[Source records]
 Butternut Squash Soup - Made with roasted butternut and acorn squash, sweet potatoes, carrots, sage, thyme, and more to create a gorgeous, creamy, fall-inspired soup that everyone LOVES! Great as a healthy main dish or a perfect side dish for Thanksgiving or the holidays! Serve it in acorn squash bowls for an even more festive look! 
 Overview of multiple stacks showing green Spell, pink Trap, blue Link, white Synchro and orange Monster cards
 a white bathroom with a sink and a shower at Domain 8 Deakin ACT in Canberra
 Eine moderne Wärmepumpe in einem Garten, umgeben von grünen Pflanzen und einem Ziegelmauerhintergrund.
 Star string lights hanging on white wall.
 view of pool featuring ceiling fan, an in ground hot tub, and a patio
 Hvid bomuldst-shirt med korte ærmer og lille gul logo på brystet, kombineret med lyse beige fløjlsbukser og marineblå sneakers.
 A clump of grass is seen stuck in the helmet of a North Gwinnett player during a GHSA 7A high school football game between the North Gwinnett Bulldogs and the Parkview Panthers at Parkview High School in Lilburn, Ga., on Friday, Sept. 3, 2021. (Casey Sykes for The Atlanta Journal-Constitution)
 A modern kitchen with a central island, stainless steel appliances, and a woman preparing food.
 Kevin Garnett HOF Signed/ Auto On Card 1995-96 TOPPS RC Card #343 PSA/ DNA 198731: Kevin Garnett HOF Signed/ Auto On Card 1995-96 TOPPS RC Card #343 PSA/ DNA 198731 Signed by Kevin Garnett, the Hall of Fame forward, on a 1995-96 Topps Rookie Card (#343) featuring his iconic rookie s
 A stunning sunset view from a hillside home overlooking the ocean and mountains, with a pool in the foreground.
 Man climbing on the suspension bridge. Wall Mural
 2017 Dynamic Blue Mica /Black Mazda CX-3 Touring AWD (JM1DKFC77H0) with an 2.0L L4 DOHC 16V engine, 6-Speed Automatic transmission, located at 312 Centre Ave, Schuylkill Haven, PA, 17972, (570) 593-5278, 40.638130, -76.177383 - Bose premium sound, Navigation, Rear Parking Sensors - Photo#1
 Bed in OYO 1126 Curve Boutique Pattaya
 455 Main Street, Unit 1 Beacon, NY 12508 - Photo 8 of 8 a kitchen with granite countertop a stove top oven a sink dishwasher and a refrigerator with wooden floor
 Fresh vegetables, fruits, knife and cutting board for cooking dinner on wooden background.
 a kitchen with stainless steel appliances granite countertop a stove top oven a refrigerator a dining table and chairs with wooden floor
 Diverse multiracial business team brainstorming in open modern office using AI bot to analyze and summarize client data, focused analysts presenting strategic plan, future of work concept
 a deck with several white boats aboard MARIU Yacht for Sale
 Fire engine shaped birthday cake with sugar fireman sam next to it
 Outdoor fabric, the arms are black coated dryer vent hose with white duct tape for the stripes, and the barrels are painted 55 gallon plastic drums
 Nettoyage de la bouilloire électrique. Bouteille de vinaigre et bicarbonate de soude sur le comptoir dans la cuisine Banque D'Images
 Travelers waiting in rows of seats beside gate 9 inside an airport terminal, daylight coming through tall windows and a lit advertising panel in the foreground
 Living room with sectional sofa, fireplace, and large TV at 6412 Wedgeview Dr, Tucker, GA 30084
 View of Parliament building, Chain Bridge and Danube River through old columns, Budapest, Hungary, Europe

#### WHAT TO DO:
Out of the data above, give again only the lines starting at the one holding "a white bathroom" and ending at the one holding "Fresh vegetables, fruits, knife", unchanged.

#### ANSWER BELOW:
 a white bathroom with a sink and a shower at Domain 8 Deakin ACT in Canberra
 Eine moderne Wärmepumpe in einem Garten, umgeben von grünen Pflanzen und einem Ziegelmauerhintergrund.
 Star string lights hanging on white wall.
 view of pool featuring ceiling fan, an in ground hot tub, and a patio
 Hvid bomuldst-shirt med korte ærmer og lille gul logo på brystet, kombineret med lyse beige fløjlsbukser og marineblå sneakers.
 A clump of grass is seen stuck in the helmet of a North Gwinnett player during a GHSA 7A high school football game between the North Gwinnett Bulldogs and the Parkview Panthers at Parkview High School in Lilburn, Ga., on Friday, Sept. 3, 2021. (Casey Sykes for The Atlanta Journal-Constitution)
 A modern kitchen with a central island, stainless steel appliances, and a woman preparing food.
 Kevin Garnett HOF Signed/ Auto On Card 1995-96 TOPPS RC Card #343 PSA/ DNA 198731: Kevin Garnett HOF Signed/ Auto On Card 1995-96 TOPPS RC Card #343 PSA/ DNA 198731 Signed by Kevin Garnett, the Hall of Fame forward, on a 1995-96 Topps Rookie Card (#343) featuring his iconic rookie s
 A stunning sunset view from a hillside home overlooking the ocean and mountains, with a pool in the foreground.
 Man climbing on the suspension bridge. Wall Mural
 2017 Dynamic Blue Mica /Black Mazda CX-3 Touring AWD (JM1DKFC77H0) with an 2.0L L4 DOHC 16V engine, 6-Speed Automatic transmission, located at 312 Centre Ave, Schuylkill Haven, PA, 17972, (570) 593-5278, 40.638130, -76.177383 - Bose premium sound, Navigation, Rear Parking Sensors - Photo#1
 Bed in OYO 1126 Curve Boutique Pattaya
 455 Main Street, Unit 1 Beacon, NY 12508 - Photo 8 of 8 a kitchen with granite countertop a stove top oven a sink dishwasher and a refrigerator with wooden floor
 Fresh vegetables, fruits, knife and cutting board for cooking dinner on wooden background.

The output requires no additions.